● **Given records**:
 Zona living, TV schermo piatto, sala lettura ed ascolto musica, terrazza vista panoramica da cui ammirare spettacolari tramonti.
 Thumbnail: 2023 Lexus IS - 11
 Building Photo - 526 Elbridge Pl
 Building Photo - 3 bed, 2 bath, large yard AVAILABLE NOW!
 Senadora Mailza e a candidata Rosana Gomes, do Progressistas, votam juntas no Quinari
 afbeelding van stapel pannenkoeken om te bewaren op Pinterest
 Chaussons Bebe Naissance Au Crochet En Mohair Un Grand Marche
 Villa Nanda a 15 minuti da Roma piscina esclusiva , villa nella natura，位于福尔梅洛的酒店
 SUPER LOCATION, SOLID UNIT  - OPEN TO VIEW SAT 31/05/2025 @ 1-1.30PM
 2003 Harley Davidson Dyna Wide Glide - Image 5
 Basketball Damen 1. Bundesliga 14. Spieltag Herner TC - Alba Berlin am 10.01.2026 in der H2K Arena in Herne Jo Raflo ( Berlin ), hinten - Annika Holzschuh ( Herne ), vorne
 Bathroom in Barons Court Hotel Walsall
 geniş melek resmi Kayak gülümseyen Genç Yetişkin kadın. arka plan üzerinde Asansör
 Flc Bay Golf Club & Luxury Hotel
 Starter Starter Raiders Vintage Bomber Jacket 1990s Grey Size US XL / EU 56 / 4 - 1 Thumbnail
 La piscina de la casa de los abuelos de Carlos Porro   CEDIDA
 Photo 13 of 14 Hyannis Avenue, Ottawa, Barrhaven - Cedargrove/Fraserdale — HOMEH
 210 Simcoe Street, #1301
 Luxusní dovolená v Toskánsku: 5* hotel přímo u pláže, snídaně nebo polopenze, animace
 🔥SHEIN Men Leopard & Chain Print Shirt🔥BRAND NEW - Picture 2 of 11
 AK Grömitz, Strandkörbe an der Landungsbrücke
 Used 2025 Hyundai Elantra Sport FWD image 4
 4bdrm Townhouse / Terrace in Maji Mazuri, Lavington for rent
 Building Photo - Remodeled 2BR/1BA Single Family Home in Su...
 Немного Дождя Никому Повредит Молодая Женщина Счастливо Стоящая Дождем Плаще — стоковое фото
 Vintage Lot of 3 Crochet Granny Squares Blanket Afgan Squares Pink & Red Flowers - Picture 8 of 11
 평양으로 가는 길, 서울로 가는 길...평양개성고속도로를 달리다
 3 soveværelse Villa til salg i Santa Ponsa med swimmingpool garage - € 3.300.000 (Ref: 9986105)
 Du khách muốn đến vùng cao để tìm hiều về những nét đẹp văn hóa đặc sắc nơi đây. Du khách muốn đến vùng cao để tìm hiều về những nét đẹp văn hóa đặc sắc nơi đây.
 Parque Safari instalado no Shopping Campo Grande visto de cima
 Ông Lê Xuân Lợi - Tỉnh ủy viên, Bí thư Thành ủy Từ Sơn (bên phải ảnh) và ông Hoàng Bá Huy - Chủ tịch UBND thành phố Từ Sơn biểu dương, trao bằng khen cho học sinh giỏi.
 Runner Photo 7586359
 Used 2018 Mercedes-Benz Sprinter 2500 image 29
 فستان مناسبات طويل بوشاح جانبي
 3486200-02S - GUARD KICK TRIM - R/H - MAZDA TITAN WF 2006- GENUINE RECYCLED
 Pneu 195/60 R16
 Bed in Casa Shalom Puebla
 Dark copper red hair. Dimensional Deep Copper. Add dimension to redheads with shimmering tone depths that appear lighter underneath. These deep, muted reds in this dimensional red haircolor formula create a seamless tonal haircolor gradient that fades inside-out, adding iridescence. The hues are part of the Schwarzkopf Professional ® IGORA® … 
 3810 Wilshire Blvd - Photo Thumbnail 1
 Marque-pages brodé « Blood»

● **Task instructions**:
When the line with "Runner Photo 7586359" is reached in the data above, start copying there, and copy each line exactly until the line with "Bed in Casa Shalom Puebla" has been copied; copy nothing else.

● **Exercise output**:
 Runner Photo 7586359
 Used 2018 Mercedes-Benz Sprinter 2500 image 29
 فستان مناسبات طويل بوشاح جانبي
 3486200-02S - GUARD KICK TRIM - R/H - MAZDA TITAN WF 2006- GENUINE RECYCLED
 Pneu 195/60 R16
 Bed in Casa Shalom Puebla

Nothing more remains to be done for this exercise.